The firm raised its rating to "hold" from "sell," and increased its price target to $65 from $58 after a pullback from its March highs.
Analysts at Canaccord added that they believe China-related issues in the first quarter have been resolved, and that Colgate is now attractive as a defensive play.
"Colgate has manifest defensive attractions and structural advantages and we consider a more constructive approach appropriate given the more reasonable valuation," the firm wrote in a note this morning.
New York City-based Colgate-Palmolive is a consumer products company with oral care, personal care, home care, and pet nutrition products marketed in more than 200 countries and territories around the world.
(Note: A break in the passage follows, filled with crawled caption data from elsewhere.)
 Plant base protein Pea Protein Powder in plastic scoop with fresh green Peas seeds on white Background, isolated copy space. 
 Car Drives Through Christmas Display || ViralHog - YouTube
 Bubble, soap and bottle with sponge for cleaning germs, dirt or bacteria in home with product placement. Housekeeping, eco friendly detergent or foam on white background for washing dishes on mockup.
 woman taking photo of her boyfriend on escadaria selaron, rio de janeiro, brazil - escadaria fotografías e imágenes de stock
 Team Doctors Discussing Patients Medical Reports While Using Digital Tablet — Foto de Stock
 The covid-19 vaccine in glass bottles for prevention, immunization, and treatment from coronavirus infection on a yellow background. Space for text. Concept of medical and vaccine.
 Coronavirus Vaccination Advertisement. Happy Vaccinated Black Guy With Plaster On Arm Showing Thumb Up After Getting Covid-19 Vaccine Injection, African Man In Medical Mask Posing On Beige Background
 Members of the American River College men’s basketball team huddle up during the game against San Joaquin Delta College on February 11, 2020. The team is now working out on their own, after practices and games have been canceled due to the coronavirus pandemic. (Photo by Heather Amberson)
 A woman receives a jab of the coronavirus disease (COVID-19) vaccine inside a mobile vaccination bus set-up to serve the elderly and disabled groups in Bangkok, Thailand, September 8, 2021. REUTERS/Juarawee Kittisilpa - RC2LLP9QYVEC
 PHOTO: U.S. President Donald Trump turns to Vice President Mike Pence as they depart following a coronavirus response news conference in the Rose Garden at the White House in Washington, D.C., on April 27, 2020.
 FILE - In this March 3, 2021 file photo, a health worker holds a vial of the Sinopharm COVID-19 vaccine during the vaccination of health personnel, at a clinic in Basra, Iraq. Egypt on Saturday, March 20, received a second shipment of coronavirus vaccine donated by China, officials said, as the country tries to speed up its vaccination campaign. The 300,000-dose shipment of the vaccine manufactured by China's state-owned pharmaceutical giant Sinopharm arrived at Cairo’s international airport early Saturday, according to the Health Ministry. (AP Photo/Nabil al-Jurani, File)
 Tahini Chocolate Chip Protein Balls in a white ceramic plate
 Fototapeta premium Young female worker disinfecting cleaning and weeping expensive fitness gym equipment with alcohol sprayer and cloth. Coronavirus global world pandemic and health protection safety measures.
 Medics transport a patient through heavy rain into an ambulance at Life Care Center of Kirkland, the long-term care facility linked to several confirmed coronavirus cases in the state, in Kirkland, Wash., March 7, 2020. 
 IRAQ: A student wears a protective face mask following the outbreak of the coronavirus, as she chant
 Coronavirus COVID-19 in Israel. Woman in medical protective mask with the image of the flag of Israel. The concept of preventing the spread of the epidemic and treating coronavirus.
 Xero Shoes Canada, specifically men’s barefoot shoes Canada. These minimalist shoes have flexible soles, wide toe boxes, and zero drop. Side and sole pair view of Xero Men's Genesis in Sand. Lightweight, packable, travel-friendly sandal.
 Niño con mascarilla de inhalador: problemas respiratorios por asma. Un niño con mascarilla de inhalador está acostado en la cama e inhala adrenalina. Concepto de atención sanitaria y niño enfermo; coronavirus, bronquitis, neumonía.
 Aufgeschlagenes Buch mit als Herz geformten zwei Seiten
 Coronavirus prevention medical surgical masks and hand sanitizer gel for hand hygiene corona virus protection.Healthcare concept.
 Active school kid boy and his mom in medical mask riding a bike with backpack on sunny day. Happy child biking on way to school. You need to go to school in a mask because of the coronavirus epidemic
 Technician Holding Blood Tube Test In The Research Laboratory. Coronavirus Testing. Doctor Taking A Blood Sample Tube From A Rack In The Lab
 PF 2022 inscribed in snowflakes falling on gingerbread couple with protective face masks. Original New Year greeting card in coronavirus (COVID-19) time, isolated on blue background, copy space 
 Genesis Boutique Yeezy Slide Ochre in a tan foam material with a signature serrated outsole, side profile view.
Separately, TheStreet Ratings team rates COLGATE-PALMOLIVE CO as a Buy with a ratings score of B. TheStreet Ratings Team has this to say about their recommendation:
"We rate COLGATE-PALMOLIVE CO (CL) a BUY. This is driven by a few notable strengths, which we believe should have a greater impact than any weaknesses, and should give investors a better performance opportunity than most stocks we cover. The company's strengths can be seen in multiple areas, such as its increase in net income, notable return on equity, expanding profit margins and growth in earnings per share. We feel its strengths outweigh the fact that the company has had lackluster performance in the stock itself."